I’ve been pretty stressed out the last few days (leaving a job and starting a new one is always stressful…and I will miss my old coworkers!), so my attention span is not what it should be. So today, I decided to play around with a project I have been mulling for quite some time: scanning old copies of Weaver’s magazine and converting them to searchable PDFs. I discovered to my delight that the price on Abbyy Finereader 10 (the best quasi-affordable text recognition program out there) had dropped from $399 to $149, which put it in my budget range. So I downloaded a copy and tried it out on a photo of a page from Prairie Wool Companion (the predecessor to Weaver’s). It worked!! It rendered a 3.5 MB .jpg file into a 91 KB PDF file.

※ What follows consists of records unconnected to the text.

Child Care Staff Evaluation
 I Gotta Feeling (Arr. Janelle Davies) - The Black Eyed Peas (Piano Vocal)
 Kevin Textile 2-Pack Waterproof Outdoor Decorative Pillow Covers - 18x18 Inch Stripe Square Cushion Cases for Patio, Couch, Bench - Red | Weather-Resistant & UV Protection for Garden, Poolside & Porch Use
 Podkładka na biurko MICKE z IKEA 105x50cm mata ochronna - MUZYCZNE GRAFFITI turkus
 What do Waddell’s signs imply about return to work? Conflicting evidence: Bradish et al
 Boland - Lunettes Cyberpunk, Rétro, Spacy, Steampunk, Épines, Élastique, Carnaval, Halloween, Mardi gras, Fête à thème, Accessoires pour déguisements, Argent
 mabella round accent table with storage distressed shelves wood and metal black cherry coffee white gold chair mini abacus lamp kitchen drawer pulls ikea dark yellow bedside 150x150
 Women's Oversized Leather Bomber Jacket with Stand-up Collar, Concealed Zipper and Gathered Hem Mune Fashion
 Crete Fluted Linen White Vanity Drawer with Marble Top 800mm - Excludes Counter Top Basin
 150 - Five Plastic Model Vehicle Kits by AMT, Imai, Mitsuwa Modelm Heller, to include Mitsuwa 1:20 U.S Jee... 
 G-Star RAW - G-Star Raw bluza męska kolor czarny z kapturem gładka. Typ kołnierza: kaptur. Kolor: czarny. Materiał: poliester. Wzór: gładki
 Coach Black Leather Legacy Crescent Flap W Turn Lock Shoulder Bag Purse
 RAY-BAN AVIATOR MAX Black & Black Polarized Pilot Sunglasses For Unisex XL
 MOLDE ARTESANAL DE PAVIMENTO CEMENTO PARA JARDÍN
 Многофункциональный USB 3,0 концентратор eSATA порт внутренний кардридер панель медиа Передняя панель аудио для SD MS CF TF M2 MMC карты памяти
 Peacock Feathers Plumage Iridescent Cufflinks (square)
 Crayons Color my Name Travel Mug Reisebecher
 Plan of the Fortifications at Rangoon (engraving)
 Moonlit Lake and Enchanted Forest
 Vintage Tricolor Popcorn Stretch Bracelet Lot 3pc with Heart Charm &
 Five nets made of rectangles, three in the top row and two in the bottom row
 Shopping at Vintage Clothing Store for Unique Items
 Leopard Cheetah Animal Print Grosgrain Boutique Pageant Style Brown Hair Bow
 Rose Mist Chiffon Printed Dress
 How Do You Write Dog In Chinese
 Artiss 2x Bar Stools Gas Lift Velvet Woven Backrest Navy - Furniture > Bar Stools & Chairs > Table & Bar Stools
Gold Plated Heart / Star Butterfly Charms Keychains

And the PDF file is searchable!
(I could have taken the option of including the original image in the PDF file – that works too, but for obvious reasons results in a much larger file.)
There are some problems with the text recognition, mostly with stylized text, blurry text (from poor photography), and weaving drafts. Those will require time-consuming manual cleanup. But overall I was impressed by how well it performed. Is it as good as the original? No, not by a long shot. But will it do what I want it to do, which is provide a way to search the text of all 60 issues of Weaver’s and Prairie Wool Companion? Hell yeah!
So I am going to work on this seriously over the next couple weeks. Mike and I are going to try to find a copy stand and a remote so I can take better photos (I had major text-recognition problems where the photo was blurry), and I’ll work on refining the photographing and text-recognition process. Because there are 60 magazines involved, it will probably take me a few months to complete, but at the end of it I should have all of Weaver’s and Prairie Wool Companion at my electronic fingertips. If I dump it into Evernote, I’ll be able to search and access the magazines from any web browser, anywhere in the world.
Ain’t technology great?
(This is a format conversion, which is considered “fair use” under copyright law (I spent a couple hours researching it yesterday). It would only become an issue if I sold or gave away the originals, or tried to sell the scans, neither of which I’m about to do. (You’d have to pry my issues of Weaver’s out of my cold dead hands.))
If this goes well, I’m sort of tempted to try scanning my collection of Handwoven magazines. But since I lucked into a nearly-complete collection, over 30 years of Handwovens, this would be a pretty Herculean task. I’m not sure I’m that motivated – I figure, let’s see how this first batch goes.